Silencing KDE application notification sounds under fvwm

Although I don't use KDE as a desktop, I use a few KDE applications from time to time, mostly kdiff3. Among other things, kdiff3's what Mercurial prefers to use when resolving conflicts in a 'hg pull -u', which comes up from time to time as I have a custom copy of the Firefox development tree. For a while now, kdiff3 and the occasional other KDE applications I use have been making noises at me to notify me of various things. I'm very strongly against programs making noises at me and normally turn this stuff off, but this time around I couldn't find an obvious way to do it in places like kdiff3's own application settings. Normal people might reach for their desktop's general settings, but for my sins I don't use a desktop environment; I use a custom setup built around fvwm as my window manager.

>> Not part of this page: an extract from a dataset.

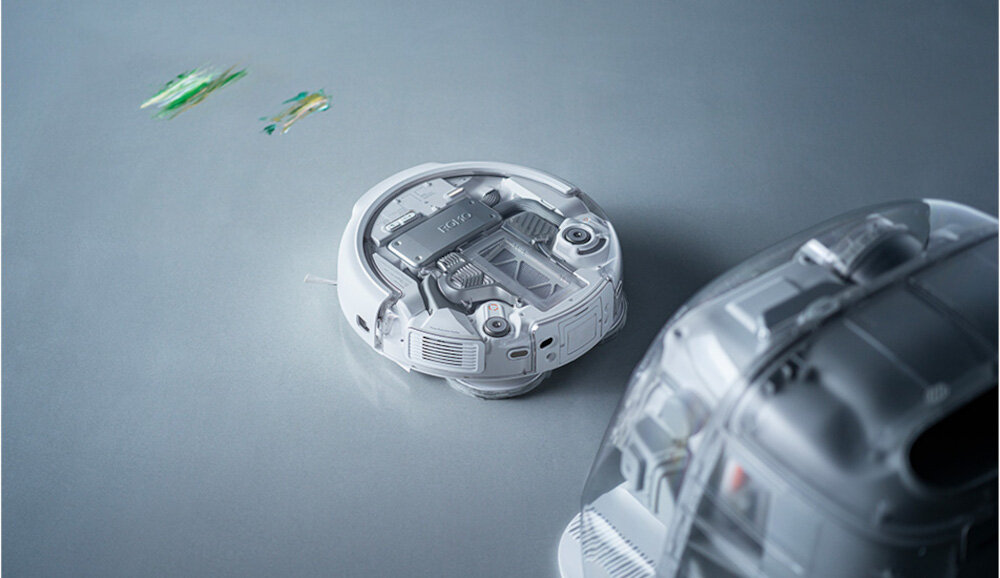 Na obrazie widoczny jest robot sprzątający o nowoczesnym designie, z przezroczystą obudową ukazującą wewnętrzne komponenty. W tle znajdują się rozmyte, kolorowe elementy.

I was all set to write an unhappy entry lamenting how modern desktops really didn't believe in people who were doing this. Then I did a bit more Internet searching and managed to find some suggestions, so now I can tell you what seems to have worked so far for me:

  • run 'systemsettings', which will get you the KDE 5 system settings.
  • go to 'Audio', which is in the 'Hardware' section
  • turn 'Notification Sounds' down to zero volume.

Contrary to what you might think, you won't find this setting in the 'Notifcations' section, which in any case is greyed out for me because KDE thinks I'm using the GNOME notification system (which I sort of am, because I run /usr/libexec/notification-daemon by hand in my session).

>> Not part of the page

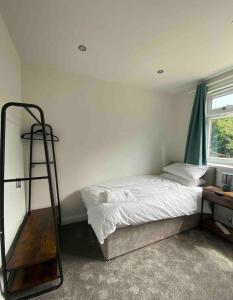 a bedroom with a bed with a ladder and a desk at Spacious Contemporary Home in Leeds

(My Fedora desktop has both a 'systemsettings' and a 'systemsettings5' program, but the latter is just a symlink to the former.)

I haven't logged out and back in again, so it's possible that this setting will reset itself when I do so. Or perhaps it's been persisted in some magic place, although I did some Internet searches for obvious (or readily findable) KDE configuration files, and none of them seemed to have this (and it's not in gsettings that I could spot).

I wish all of this was better documented, but it's a futile wish at this point. Linux desktops have limited resources, so of course they prioritize documentation for people actually using their desktop (or some other reasonably popular desktop, or at least an actual desktop with all of the expected pieces), not people running weird custom environments.